Department of Epidemiology University of Michigan, Ann Arbor, MI 48109, USA.
BMC Immunol. 2010 Mar 30;11:18. doi: 10.1186/1471-2172-11-18.
The Mtb72f subunit vaccine for tuberculosis, currently in clinical trials, is hoped to provide improved protection compared to the current BCG vaccine. It is not clear, however, whether Mtb72f would be equally protective in the different human populations suffering from a high burden of tuberculosis. Previous work by Hebert and colleagues demonstrated that the PPE18 protein of Mtb72f had significant variability in a sample of clinical M. tuberculosis isolates. However, whether this variation might impact the efficacy of Mtb72f in the context of the microbial and host immune system interactions remained to be determined. The present study assesses Mtb72f's predicted efficacy in people with different DRB1 genotypes to predict whether the vaccine will protect against diverse clinical strains of M. tuberculosis in a diverse host population.

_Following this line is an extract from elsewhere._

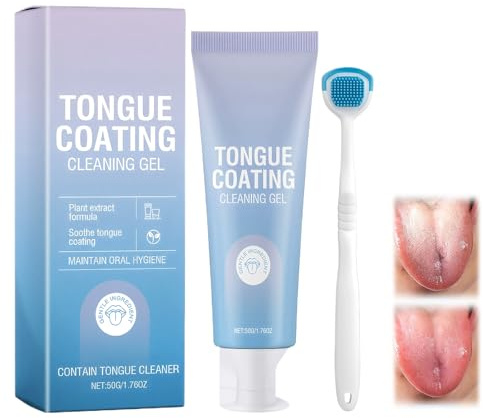 Tongue Gel Cleaner Kit with Brush, Tongue Cleaning Gel for Fresh Breath, Reducing Bad Breath, Easy to Use, Gentle and Effective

We evaluated the binding of epitopes in the vaccine to different alleles of the human DRB1 Class II MHC protein using freely available epitope prediction programs and compared protein sequences from clinical isolates to the sequences included in the Mtb72f vaccine. This analysis predicted that the Mtb72f vaccine would be less effective for several DRB1 genotypes, due either to limited vaccine epitope binding to the DRB1 proteins or to binding primarily by unconserved PPE18 epitopes. Furthermore, we found that these less-protective DRB1 alleles are found at a very high frequency in several populations with a high burden of tuberculosis.
Although the Mtb72f vaccine candidate has shown promise in animal and clinical trials thus far, it may not be optimally effective in some genotypic backgrounds. Due to variation in both M. tuberculosis protein sequences and epitope-binding capabilities of different HLA alleles, certain human populations with a high burden of tuberculosis may not be optimally protected by the Mtb72f vaccine. The efficacy of the Mtb72f vaccine should be further examined in these particular populations to determine whether additional protective measures might be necessary for these regions.
目前正在临床试验中的结核分枝杆菌 Mtb72f 亚单位疫苗有望提供比目前的卡介苗疫苗更好的保护效果。然而,目前尚不清楚 Mtb72f 在患有高负担结核病的不同人群中是否同样具有保护作用。Hebert 及其同事的先前研究表明,Mtb72f 的 PPE18 蛋白在一组临床结核分枝杆菌分离株中存在显著的变异性。然而,这种变异性是否会影响 Mtb72f 在微生物和宿主免疫系统相互作用背景下的功效仍有待确定。本研究评估了 Mtb72f 在不同 DRB1 基因型人群中的预测功效,以预测该疫苗是否能在不同宿主人群中对多样化的临床结核分枝杆菌菌株提供保护。
我们使用免费的表位预测程序评估了疫苗中表位与人类 DRB1 类 II MHC 蛋白的不同等位基因的结合情况,并将临床分离株的蛋白序列与 Mtb72f 疫苗中的序列进行了比较。这项分析预测,由于疫苗表位与 DRB1 蛋白结合的有限性或主要通过非保守的 PPE18 表位结合,Mtb72f 疫苗对几种 DRB1 基因型的效果会降低。此外,我们发现这些保护作用较低的 DRB1 等位基因在一些结核病负担高的人群中频率非常高。
尽管 Mtb72f 疫苗候选物迄今为止在动物和临床试验中表现出了前景,但在某些基因型背景下可能无法达到最佳效果。由于结核分枝杆菌蛋白序列和不同 HLA 等位基因的表位结合能力存在差异,某些结核病负担高的人群可能无法被 Mtb72f 疫苗得到最佳保护。需要在这些特定人群中进一步研究 Mtb72f 疫苗的功效,以确定这些地区是否需要额外的保护措施。